- **WORK TO COMPLETE**:
Retype the listing below line for line, but only from the line with "Photo taken at" down to the line with "How Much Does Concrete Pumping Cost?", inclusive. Pictures stay out.

Start of MATERIAL FOR THE TASK

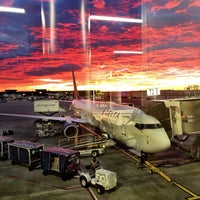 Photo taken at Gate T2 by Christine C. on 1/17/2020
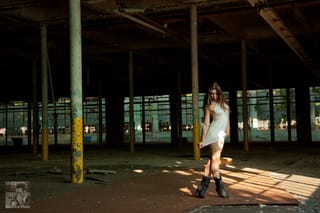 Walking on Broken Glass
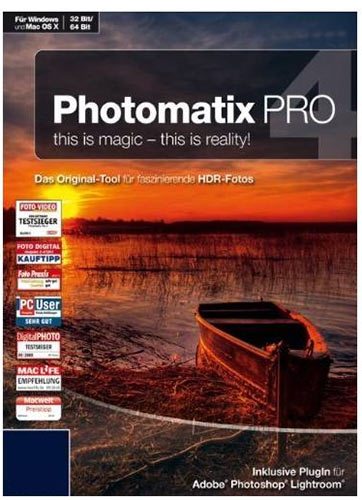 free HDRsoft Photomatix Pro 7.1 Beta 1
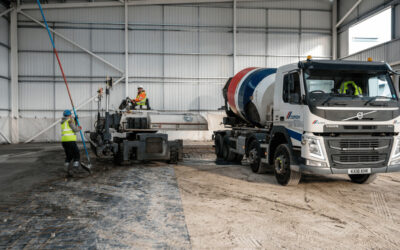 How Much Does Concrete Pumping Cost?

End of MATERIAL FOR THE TASK
Start of MATERIAL FOR THE TASK

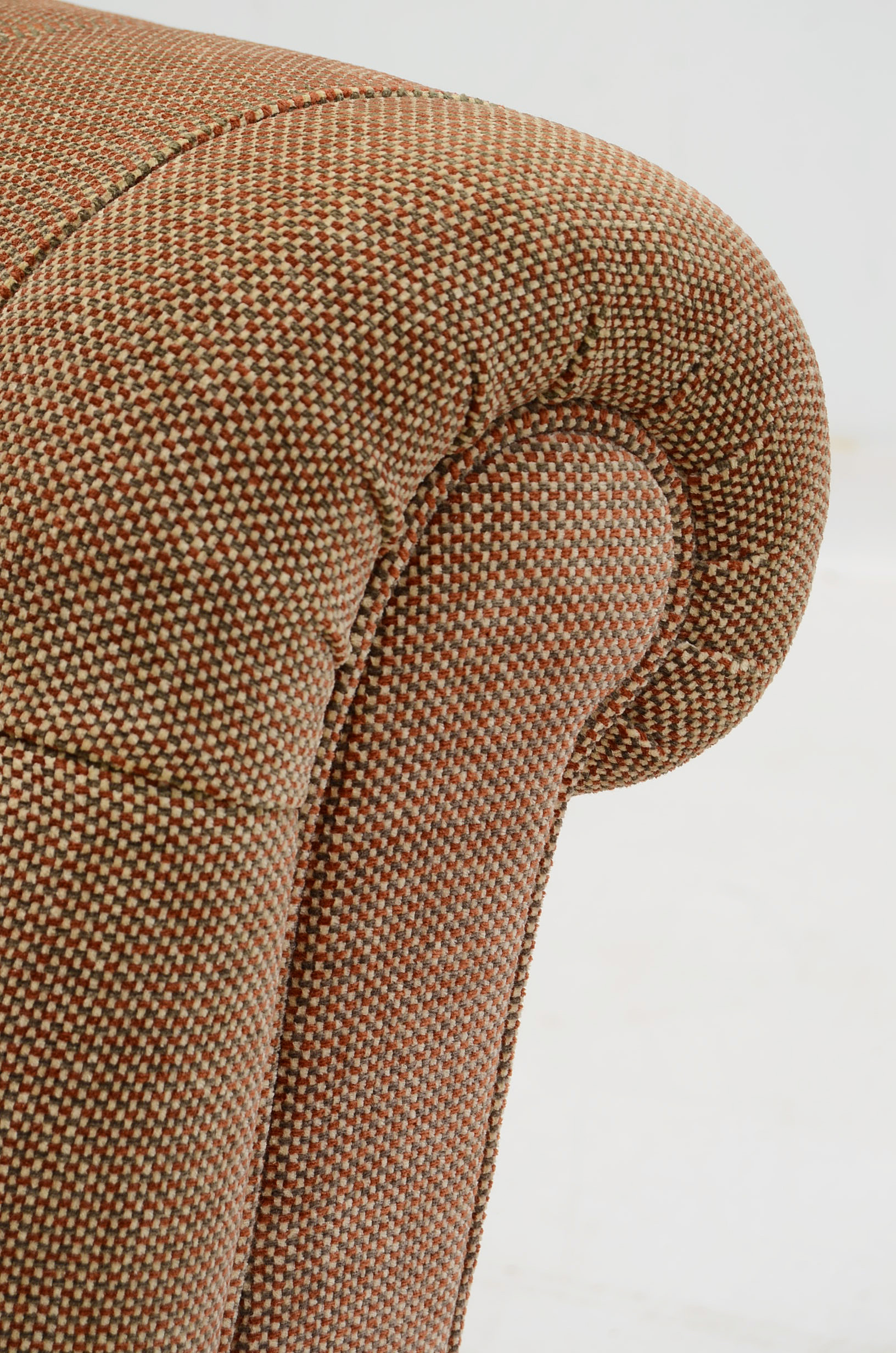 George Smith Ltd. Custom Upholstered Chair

End of MATERIAL FOR THE TASK

- **EXPECTED ANSWER**:
 Photo taken at Gate T2 by Christine C. on 1/17/2020
 Walking on Broken Glass
 free HDRsoft Photomatix Pro 7.1 Beta 1
 How Much Does Concrete Pumping Cost?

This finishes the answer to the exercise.